Schweden · 2011-heute

Nach Anette Norberg die zweite Frau mit zwei olympischen Goldmedaillen als Skipperin, gewonnen bei PyeongChang 2018 und Milano Cortina 2026 mit einem 6-5-Sieg über die Schweiz, dazu Bronze in Peking 2022 für insgesamt drei olympische Medaillen. Diese olympische Bilanz ist die stärkste im aktuellen Damenspiel und steht in seltsamem Kontrast zu einer WM-Bilanz von zwei Silbermedaillen ohne Gold, das Hauptargument, das gegen sie angeführt wird. Sie hat drei Europameistertitel, sechs schwedische Meisterschaften und acht Grand-Slam-Siege, und 2022 wurde ihr Team das erste Damenteam, das einen Karriere-Grand-Slam mit allen vier Majors vollendete. Ihr ruhiges, risikoarmes Endspielmanagement ist der meistanalysierte Teil ihres Spiels, insbesondere ihre Bereitschaft, einen Einzelpunkt zu nehmen, wenn die Alternative Steal-Risiko birgt.

Olympiasiege
2
Olympische Medaillen
3
Europameistertitel
3
Nationale Meisterschaften
6
Grand-Slam-Titel
8

Die Balken sind auf den Führenden dieser Liste skaliert.

Die Debatte

Die schwersten Auslassungen sind kanadisch. Glenn Howard gewann über 25 Jahre hinweg vier WM-Titel, zweimal als Third für seinen Bruder Russ und zweimal als Skip, und Randy Ferbeys Team aus Alberta mit Dave Nedohin als letztem Werfer gewann drei WM-Titel in vier Jahren und zusammen sechs Brier-Titel. Brad Gushue hat allein durch Langlebigkeit den stärksten Fall überhaupt: Olympiagold 2006, ein WM-Titel 2017, sechs Brier-Titel, 23 Brier-Teilnahmen und den Rekord für die meisten Briersiege eines Skips. Colleen Jones egalisierte Jennifer Jones' sechs kanadische Titel und gewann zwei WM-Titel. Jeder von ihnen würde bei anderer Gewichtung das untere Ende dieser Liste verdrängen.

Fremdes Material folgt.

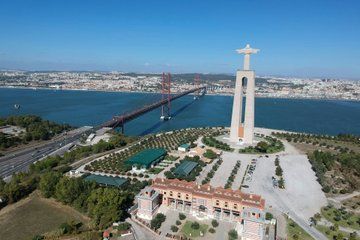 Sesimbra Tour with Guided Wine Tasting and Cristo Rei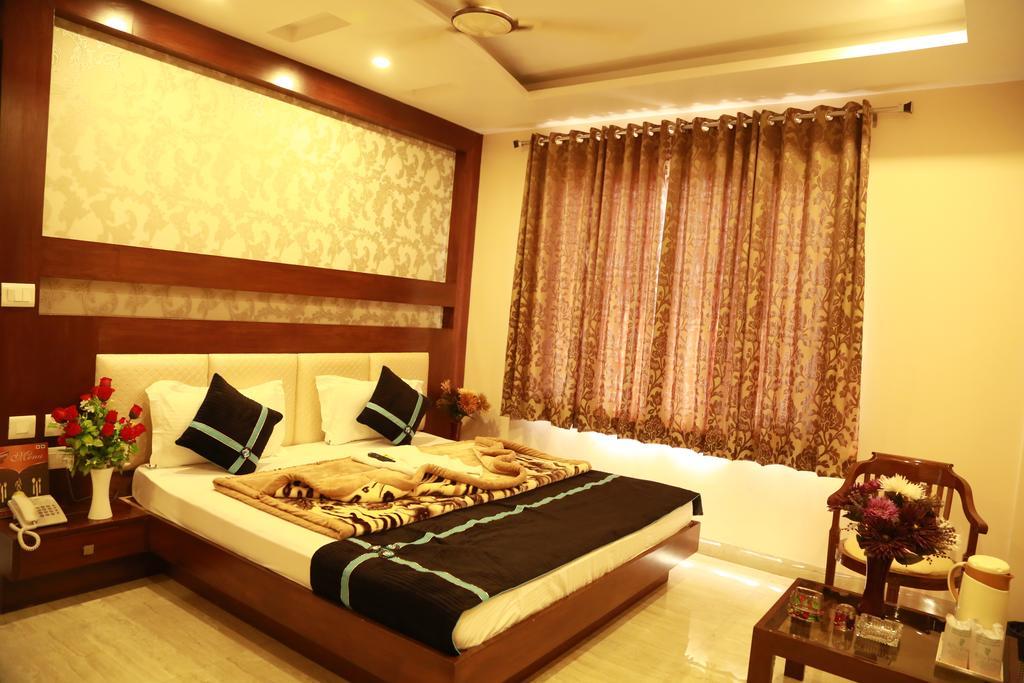 Hotel Geeta Saar 3*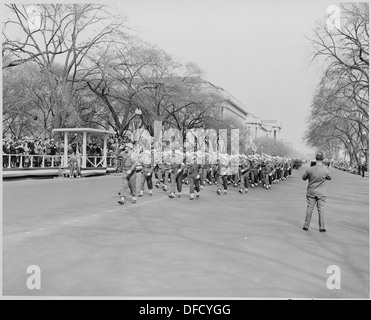 Une vue à distance du président Harry S. Truman observant les soldats marcher pendant le défilé de la fête de l'armée. Cet événement célèbre le service militaire et honore les forces armées. Banque D'Images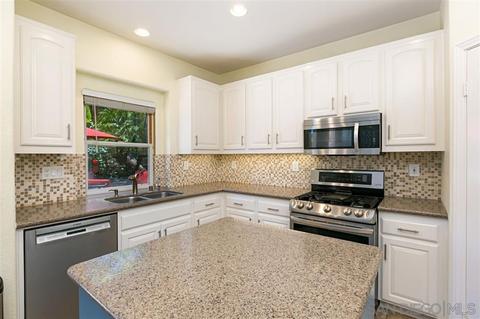 6077 Paseo Carreta, Carlsbad, CA 92009 photo 16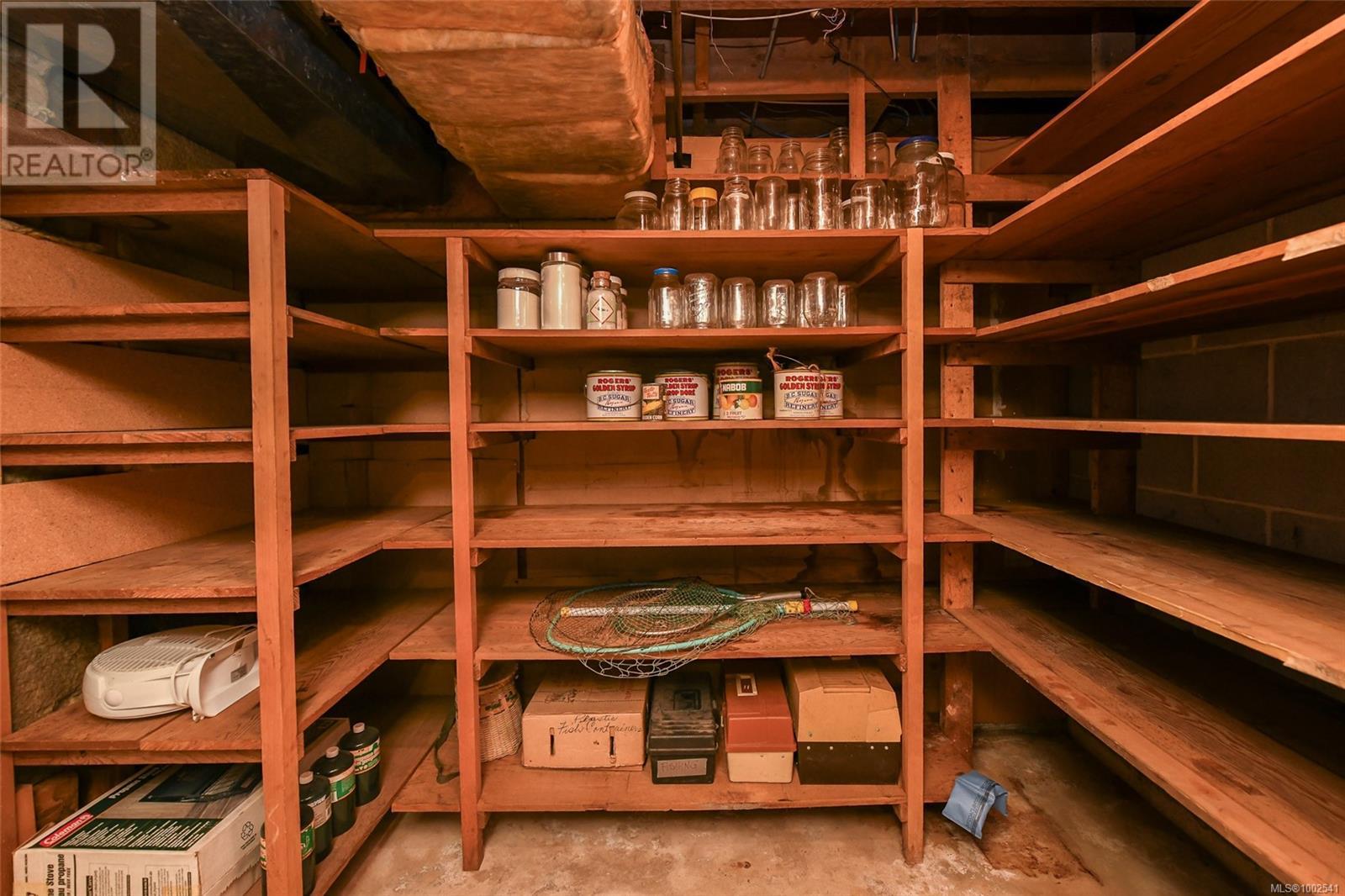 1994 Kelland Rd, Black Creek, British Columbia V9J 1G4 - Photo 38 - 1002541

Die andere lebendige Debatte dreht sich um Olympia gegen die WM. Anna Hasselborg hat zwei Olympiasiege und keinen WM-Titel; Alina Patz hat sechs WM-Titel und ein olympisches Silber. Welche Bilanz besser ist, hängt davon ab, ob man den selteneren Preis oder das stärker besetzte Feld höher gewichtet, da die Weltmeisterschaft jährlich von dreizehn Teams ausgetragen wird, während das olympische Turnier nur alle vier Jahre mit zehn Teams stattfindet. Unter den aktiven Spielerinnen und Spielern ist Bruce Mouat derjenige, der sich am ehesten in diese Liste drängen könnte: Weltmeister 2025, olympischer Silbermedaillengewinner 2026 und Mixed-Doubles-Silber 2022, mit noch einem Jahrzehnt vor sich.